Altun, bu bakış açısıyla hazırladıkları "Engellilik Temelinde Ayrımcılık Yasağı Bağlamında Makul Düzenleme Yükümlülüğü Raporu"nu bugün yayımladıklarını duyurdu. Raporda, makul düzenleme yükümlülüğünün kapsamı, sınırları ve devletin pozitif yükümlülüklerinin uluslararası hukuk ve ulusal mevzuat referanslarıyla incelendiğini aktaran Altun, raporun somut politika önerileri içerdiğini ve engellilik temelinde ayrımcılıkla mücadeleye katkı sunmasını temenni ettiğini ifade etti.
Engelliliğin, toplumun mimari, sosyal ve kurumsal engelleri nedeniyle ortaya çıkan bir "eşitsizlik hali" olduğunu vurgulayan Altun, Dünya Sağlık Örgütü verilerine göre dünya nüfusunun yüzde 16'sının engelinin bulunduğunu, Türkiye'de ise Ulusal Engelli Veri Sistemi'ne göre 4,3 milyon kayıtlı engelli birey olduğunu söyledi.
Makul düzenleme yükümlülüğünün insan hakları hukukunun merkezinde olduğuna işaret eden Altun, "Makul düzenleme, asla pozitif ayrımcılık değildir. Bir kişiye ayrıcalık sağlamaz, herkes için eşit bir başlangıç noktası ihdas eder." şeklinde konuştu. Bir rampanın yapılması veya iş yerinde teknolojik destek sağlanmasının bir lütuf değil, hak temelli düzenlemeler olduğunu belirtti.

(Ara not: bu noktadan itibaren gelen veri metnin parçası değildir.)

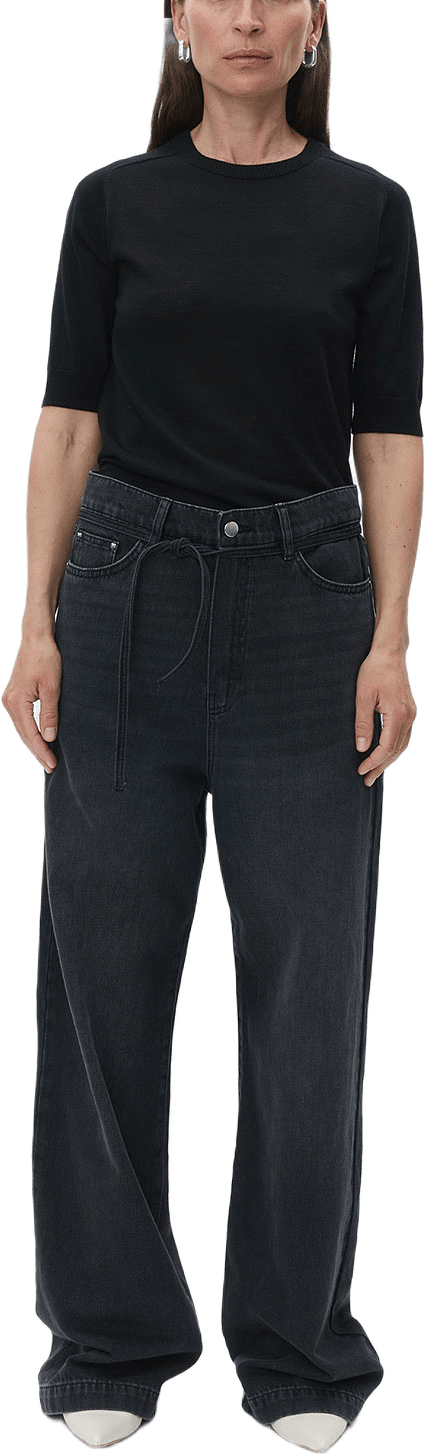 Carolina Pullover, från DAY Birger et Mikkelsen, i färgen Black.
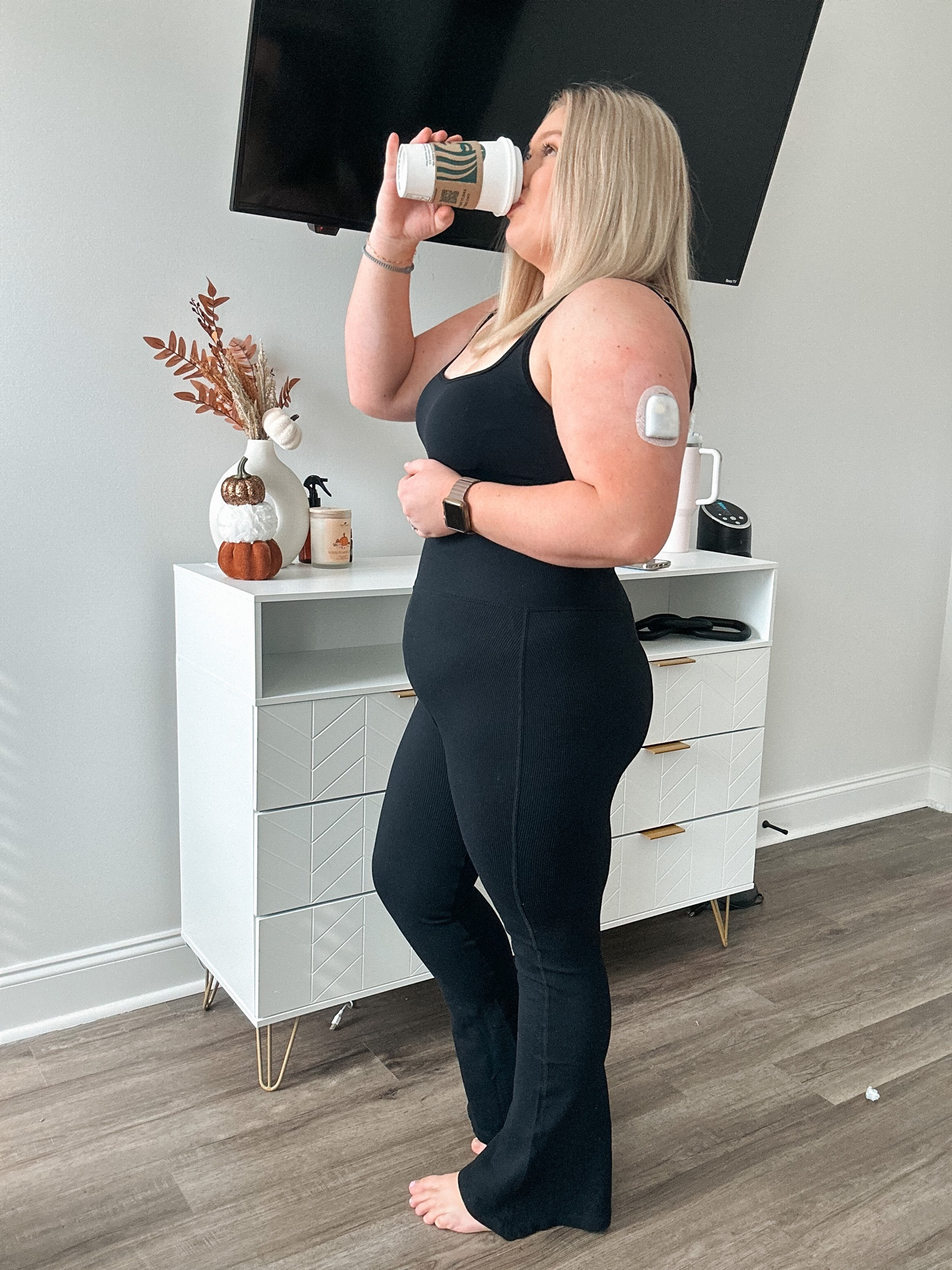 One piece flare jumpsuit

#LTKSeasonal #LTKcurves #LTKstyletip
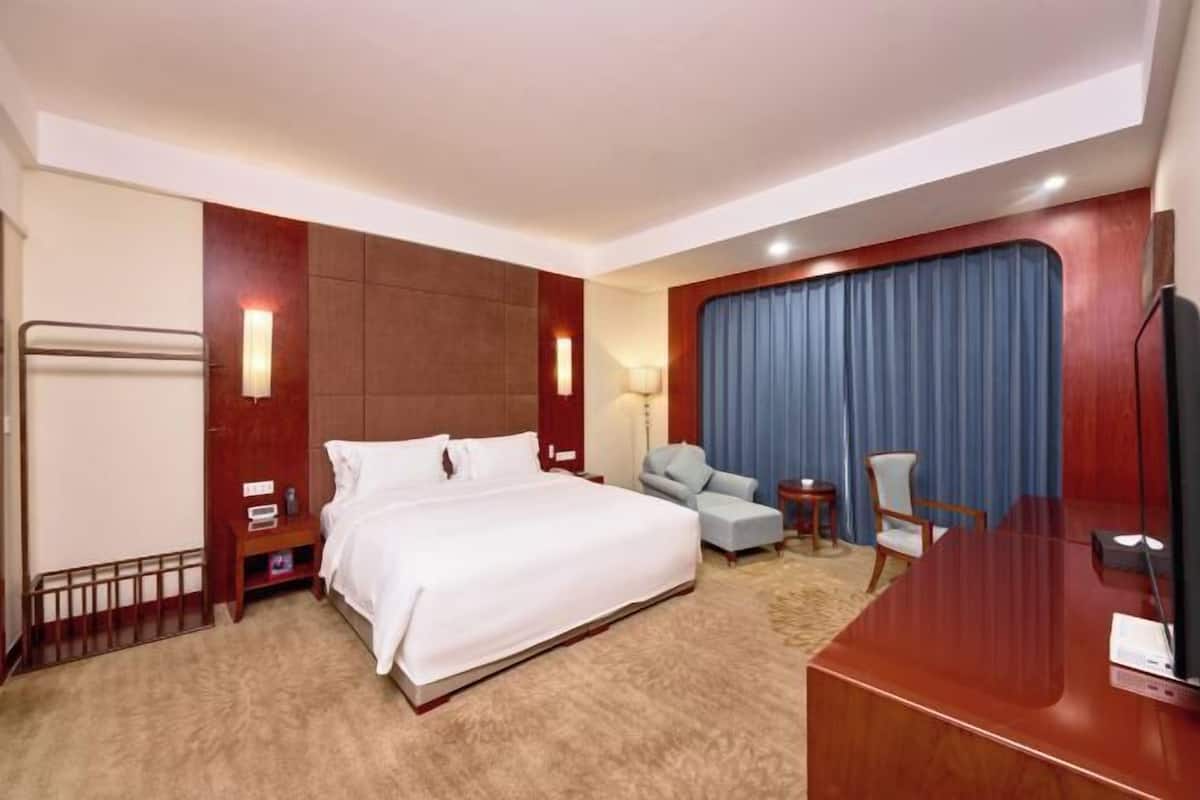 Minibar, in-room safe, iron/ironing board, cots/infant beds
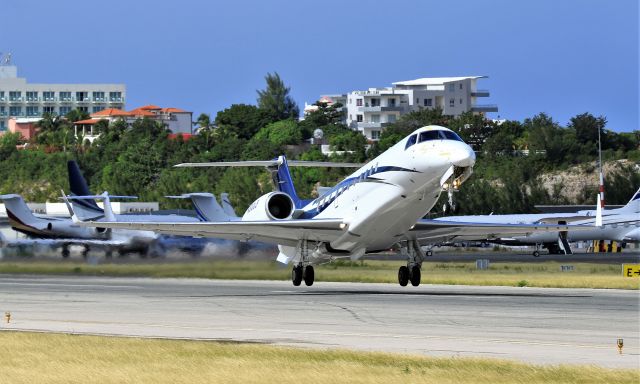 Embraer Legacy 600/650 (N600LP) - Legacy N600LP departing St Maarten on the 4th of Jan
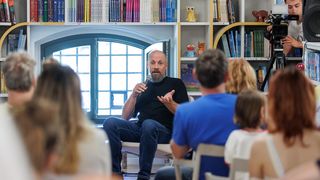 Boris Dežulović predstavio svoju novu knjigu Život i snoviđenja neustrašivog žohara Zaštomira Boris Dežulović predstavio svoju novu knjigu Život i snoviđenja neustrašivog žohara Zaštomira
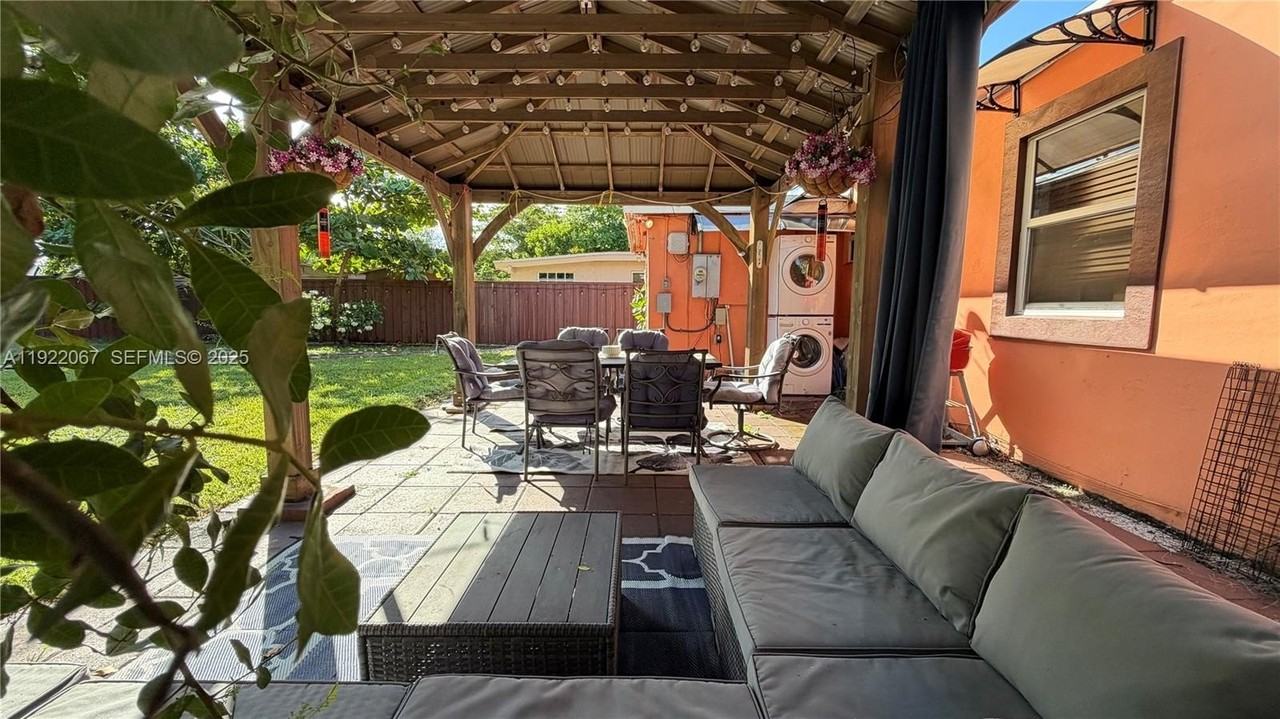 37 Sw 11th St #0 - Photo 5 of 20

Altun, engelli bireylerin erişilebilir eğitim materyallerine, fiziki düzenlemelere, eşitlikçi sınav koşullarına ve farkındalık sahibi eğiticilere ihtiyacı olduğunu, bunun temel bir insan hakkı olduğunu kaydetti. İstihdamda makul düzenlemenin de bir hak meselesi olduğunu ve kapsayıcı bir iş kültürünün doğal parçası haline gelmesi gerektiğini ifade etti.
Engelli bireylerin istihdama katılımının kurumsal verimliliği, inovasyonu ve finansal performansı olumlu etkilediğini belirten Altun, 2018'de 140 şirket üzerine yapılan bir araştırmaya atıfta bulundu. Bu araştırmaya göre, engelli kapsayıcılığında ileri olan şirketlerin yüzde 28 daha yüksek gelir, yüzde 30 daha yüksek kar marjı ve yüzde 90 daha yüksek çalışan sadakatine sahip olduklarını aktardı.

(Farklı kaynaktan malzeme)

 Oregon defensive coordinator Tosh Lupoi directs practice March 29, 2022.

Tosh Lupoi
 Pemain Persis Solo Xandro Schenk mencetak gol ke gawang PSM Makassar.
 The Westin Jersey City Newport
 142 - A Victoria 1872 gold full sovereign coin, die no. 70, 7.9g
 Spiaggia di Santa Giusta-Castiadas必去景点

Altun, TİHEK olarak Birleşmiş Milletler Engellilerin Haklarına İlişkin Sözleşme kapsamında bağımsız izleme mekanizması görevini de üstlenmeye başladıklarını açıkladı. Bu mekanizma ile engellilerin toplumsal hayatın tüm alanlarına katılım süreçlerindeki haklarının izlenmesi, değerlendirilmesi ve raporlanmasına yönelik çalışmalar yürüttüklerini bildirdi.
TİHEK İkinci Başkanı Muhammet Ecevit Carti ise rapora ilişkin bilgi verirken, kuruma yapılan ayrımcılık başvurularının yüzde 22'sinin engelliler tarafından yapıldığını belirtti. Carti, son iki yılda verilen ihlal kararlarının 2024'te yüzde 50'sinin, 2025'te ise yüzde 42'sinin engellilerin başvurularına ilişkin olduğunu ifade etti.
Konuşmaların ardından TİHEK Kurul Üyesi Selami Açan'ın oturum başkanlığını üstlendiği panele, Milli Eğitim Bakanlığı, Türkiye İş Kurumu ve TİHEK'ten yetkililer katıldı.